## Work request
What is needed is the exact text of each line in the listing below from the one with "Fabrice Morvan, Rob" up to and including the one with "Light Wash Denim", and no pictures.

## Entries shown
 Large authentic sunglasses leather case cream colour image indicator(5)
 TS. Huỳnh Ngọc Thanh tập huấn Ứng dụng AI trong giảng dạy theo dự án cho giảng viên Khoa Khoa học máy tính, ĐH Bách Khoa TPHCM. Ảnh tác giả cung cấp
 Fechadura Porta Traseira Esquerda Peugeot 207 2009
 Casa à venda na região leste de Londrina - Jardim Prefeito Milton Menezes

==

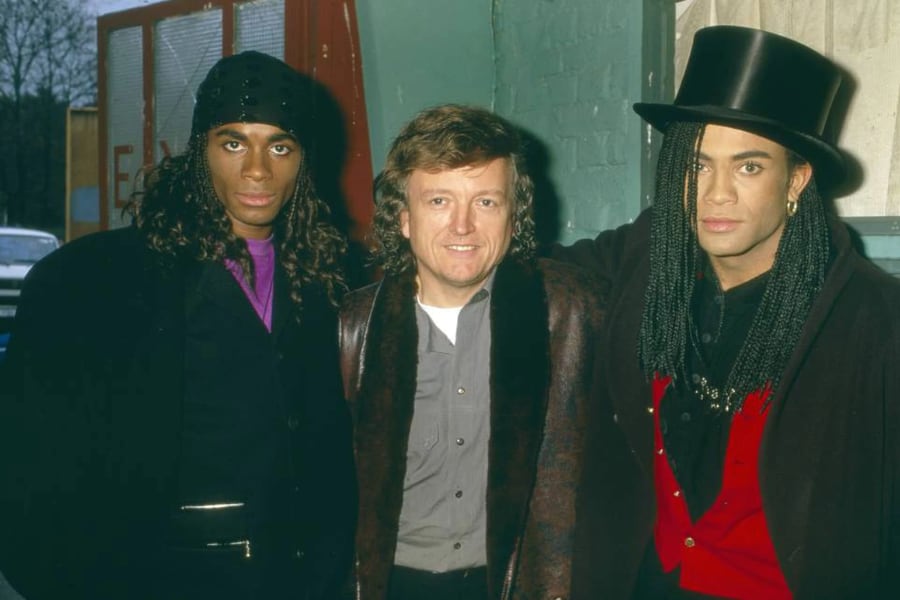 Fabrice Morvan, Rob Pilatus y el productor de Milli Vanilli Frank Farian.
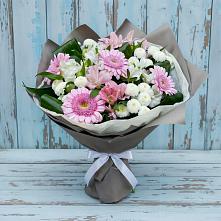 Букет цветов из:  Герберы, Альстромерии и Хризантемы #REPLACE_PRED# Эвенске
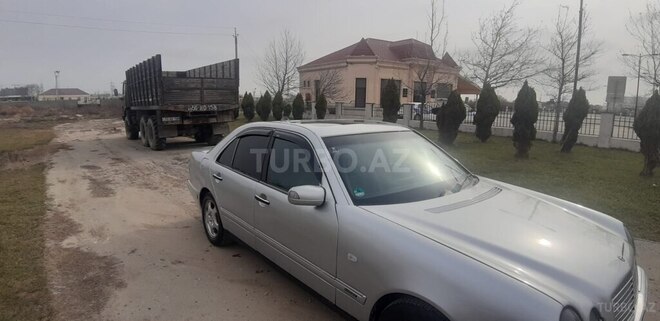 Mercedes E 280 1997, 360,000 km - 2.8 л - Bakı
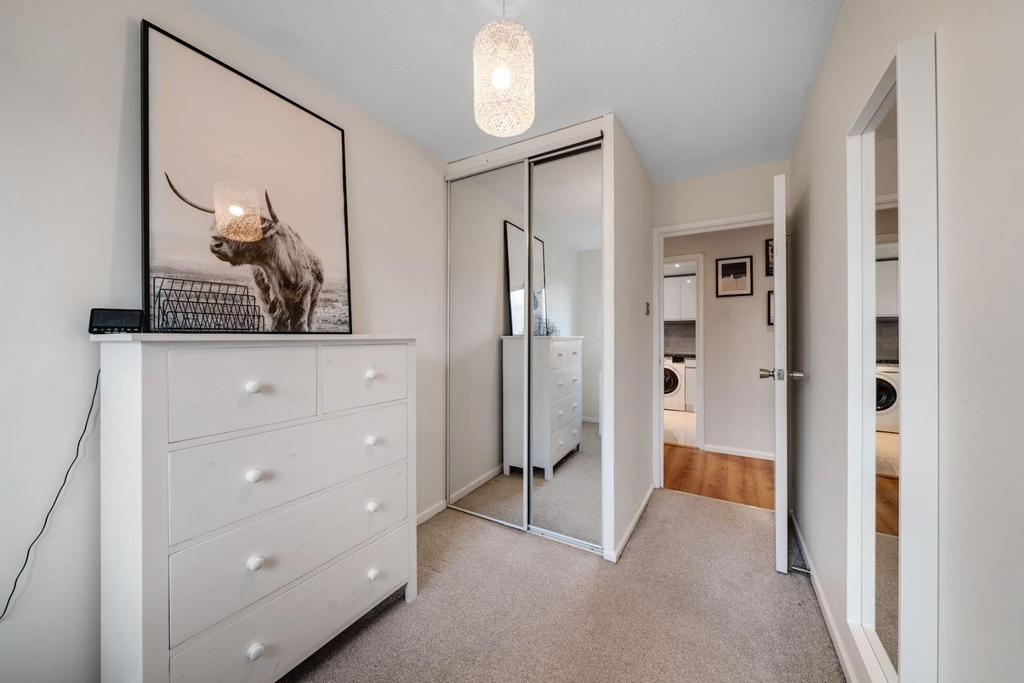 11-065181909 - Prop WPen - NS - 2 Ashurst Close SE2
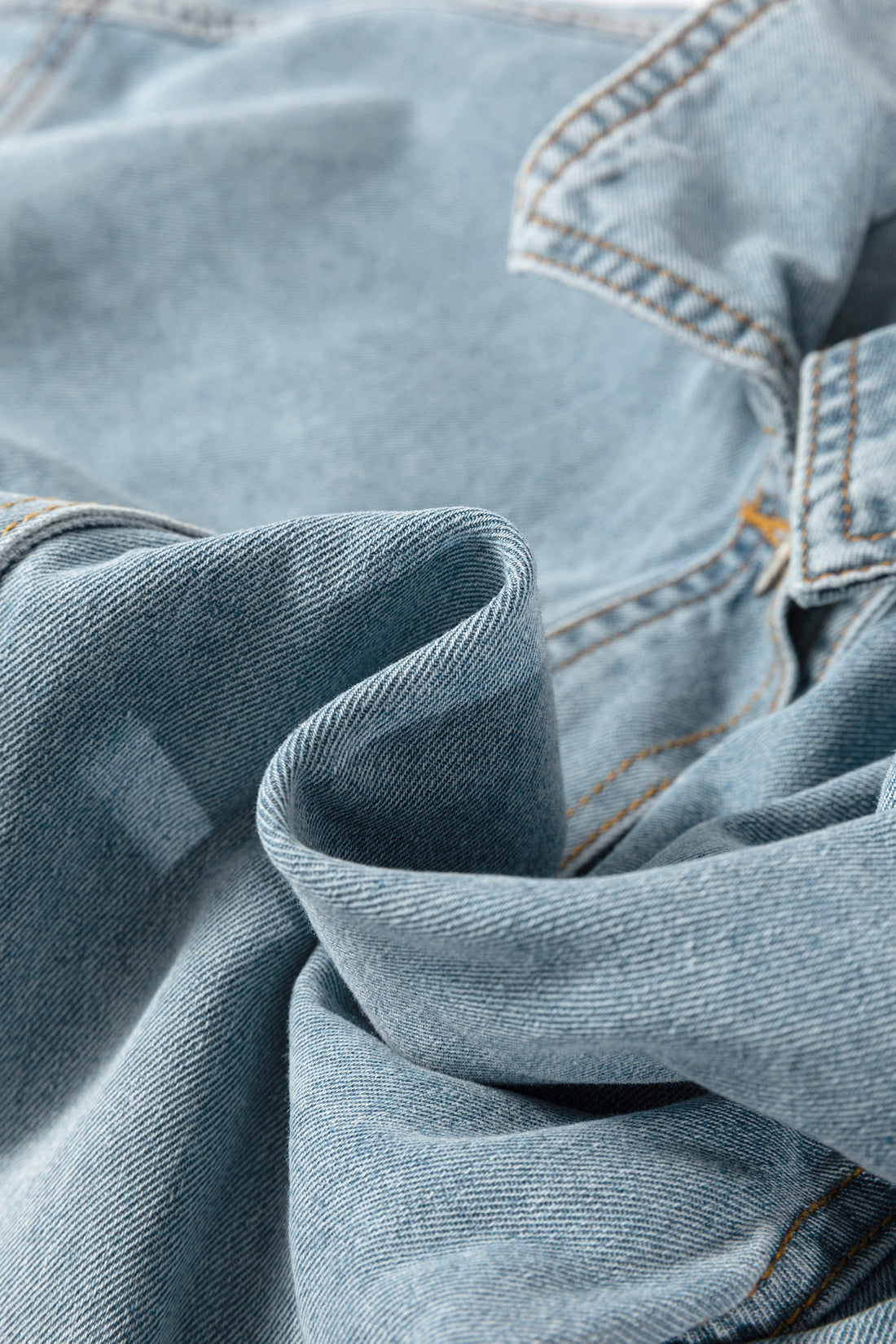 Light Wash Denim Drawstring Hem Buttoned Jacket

## Exercise output
 Fabrice Morvan, Rob Pilatus y el productor de Milli Vanilli Frank Farian.
 Букет цветов из:  Герберы, Альстромерии и Хризантемы #REPLACE_PRED# Эвенске
 Mercedes E 280 1997, 360,000 km - 2.8 л - Bakı
 11-065181909 - Prop WPen - NS - 2 Ashurst Close SE2
 Light Wash Denim Drawstring Hem Buttoned Jacket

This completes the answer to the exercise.